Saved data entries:

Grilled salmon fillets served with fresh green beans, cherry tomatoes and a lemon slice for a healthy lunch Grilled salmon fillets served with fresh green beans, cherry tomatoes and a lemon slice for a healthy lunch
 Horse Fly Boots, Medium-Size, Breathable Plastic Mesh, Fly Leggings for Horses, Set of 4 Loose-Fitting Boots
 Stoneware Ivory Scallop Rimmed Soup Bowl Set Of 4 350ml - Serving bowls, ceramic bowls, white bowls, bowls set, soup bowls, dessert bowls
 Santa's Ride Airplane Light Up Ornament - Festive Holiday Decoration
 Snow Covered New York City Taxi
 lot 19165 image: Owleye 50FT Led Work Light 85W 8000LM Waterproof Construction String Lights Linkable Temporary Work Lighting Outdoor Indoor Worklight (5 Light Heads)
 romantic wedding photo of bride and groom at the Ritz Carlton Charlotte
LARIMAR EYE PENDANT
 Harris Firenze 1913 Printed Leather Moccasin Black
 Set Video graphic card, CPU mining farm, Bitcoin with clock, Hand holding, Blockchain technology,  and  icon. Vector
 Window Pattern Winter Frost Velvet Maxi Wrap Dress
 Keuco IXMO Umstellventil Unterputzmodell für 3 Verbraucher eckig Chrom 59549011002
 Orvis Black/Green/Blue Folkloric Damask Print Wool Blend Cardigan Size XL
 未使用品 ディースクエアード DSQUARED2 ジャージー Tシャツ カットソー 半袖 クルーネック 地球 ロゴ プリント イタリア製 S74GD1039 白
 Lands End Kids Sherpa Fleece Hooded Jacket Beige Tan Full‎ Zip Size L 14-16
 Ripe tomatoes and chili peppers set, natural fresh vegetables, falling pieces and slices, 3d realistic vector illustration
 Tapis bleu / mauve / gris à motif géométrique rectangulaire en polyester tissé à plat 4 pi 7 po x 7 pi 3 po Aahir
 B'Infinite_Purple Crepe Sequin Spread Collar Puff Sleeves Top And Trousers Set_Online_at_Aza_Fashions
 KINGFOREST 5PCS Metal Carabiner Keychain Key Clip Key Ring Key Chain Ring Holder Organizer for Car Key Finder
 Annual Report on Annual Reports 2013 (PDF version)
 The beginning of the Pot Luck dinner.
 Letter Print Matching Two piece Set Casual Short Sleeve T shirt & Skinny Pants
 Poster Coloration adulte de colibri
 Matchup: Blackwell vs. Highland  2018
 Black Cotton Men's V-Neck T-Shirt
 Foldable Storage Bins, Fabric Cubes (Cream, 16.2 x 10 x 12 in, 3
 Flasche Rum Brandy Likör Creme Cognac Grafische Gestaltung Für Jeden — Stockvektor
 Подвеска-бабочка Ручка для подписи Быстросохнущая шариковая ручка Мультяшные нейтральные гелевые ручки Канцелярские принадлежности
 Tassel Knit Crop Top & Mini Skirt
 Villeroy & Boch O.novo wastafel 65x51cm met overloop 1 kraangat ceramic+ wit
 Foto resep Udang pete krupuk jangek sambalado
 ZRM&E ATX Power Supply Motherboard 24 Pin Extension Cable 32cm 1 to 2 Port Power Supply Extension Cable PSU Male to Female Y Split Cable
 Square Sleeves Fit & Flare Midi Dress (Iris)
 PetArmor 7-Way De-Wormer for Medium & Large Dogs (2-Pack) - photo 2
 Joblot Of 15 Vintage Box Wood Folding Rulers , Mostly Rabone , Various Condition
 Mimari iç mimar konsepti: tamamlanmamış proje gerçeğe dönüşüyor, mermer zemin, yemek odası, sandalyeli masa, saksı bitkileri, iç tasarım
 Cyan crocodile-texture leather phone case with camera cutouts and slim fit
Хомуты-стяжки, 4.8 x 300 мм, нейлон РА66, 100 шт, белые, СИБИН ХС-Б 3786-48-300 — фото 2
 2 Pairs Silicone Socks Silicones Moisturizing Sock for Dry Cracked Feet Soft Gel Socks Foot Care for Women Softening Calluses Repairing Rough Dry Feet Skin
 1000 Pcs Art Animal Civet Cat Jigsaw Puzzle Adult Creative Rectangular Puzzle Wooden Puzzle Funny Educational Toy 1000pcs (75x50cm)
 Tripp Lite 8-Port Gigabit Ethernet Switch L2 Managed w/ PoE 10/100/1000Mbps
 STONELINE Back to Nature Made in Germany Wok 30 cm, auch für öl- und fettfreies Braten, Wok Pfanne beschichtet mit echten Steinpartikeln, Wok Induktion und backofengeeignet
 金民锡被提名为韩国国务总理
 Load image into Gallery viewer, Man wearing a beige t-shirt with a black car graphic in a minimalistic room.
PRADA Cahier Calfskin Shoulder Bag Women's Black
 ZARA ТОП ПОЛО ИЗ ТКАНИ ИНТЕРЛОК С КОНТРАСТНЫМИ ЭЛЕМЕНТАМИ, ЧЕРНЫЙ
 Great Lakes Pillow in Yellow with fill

Problem details — In your answer, include only the lines above starting at the line that holds "Ripe tomatoes and" and ending at the line that holds "Matchup: Blackwell vs.", copied exactly.

Answer section —
 Ripe tomatoes and chili peppers set, natural fresh vegetables, falling pieces and slices, 3d realistic vector illustration
 Tapis bleu / mauve / gris à motif géométrique rectangulaire en polyester tissé à plat 4 pi 7 po x 7 pi 3 po Aahir
 B'Infinite_Purple Crepe Sequin Spread Collar Puff Sleeves Top And Trousers Set_Online_at_Aza_Fashions
 KINGFOREST 5PCS Metal Carabiner Keychain Key Clip Key Ring Key Chain Ring Holder Organizer for Car Key Finder
 Annual Report on Annual Reports 2013 (PDF version)
 The beginning of the Pot Luck dinner.
 Letter Print Matching Two piece Set Casual Short Sleeve T shirt & Skinny Pants
 Poster Coloration adulte de colibri
 Matchup: Blackwell vs. Highland  2018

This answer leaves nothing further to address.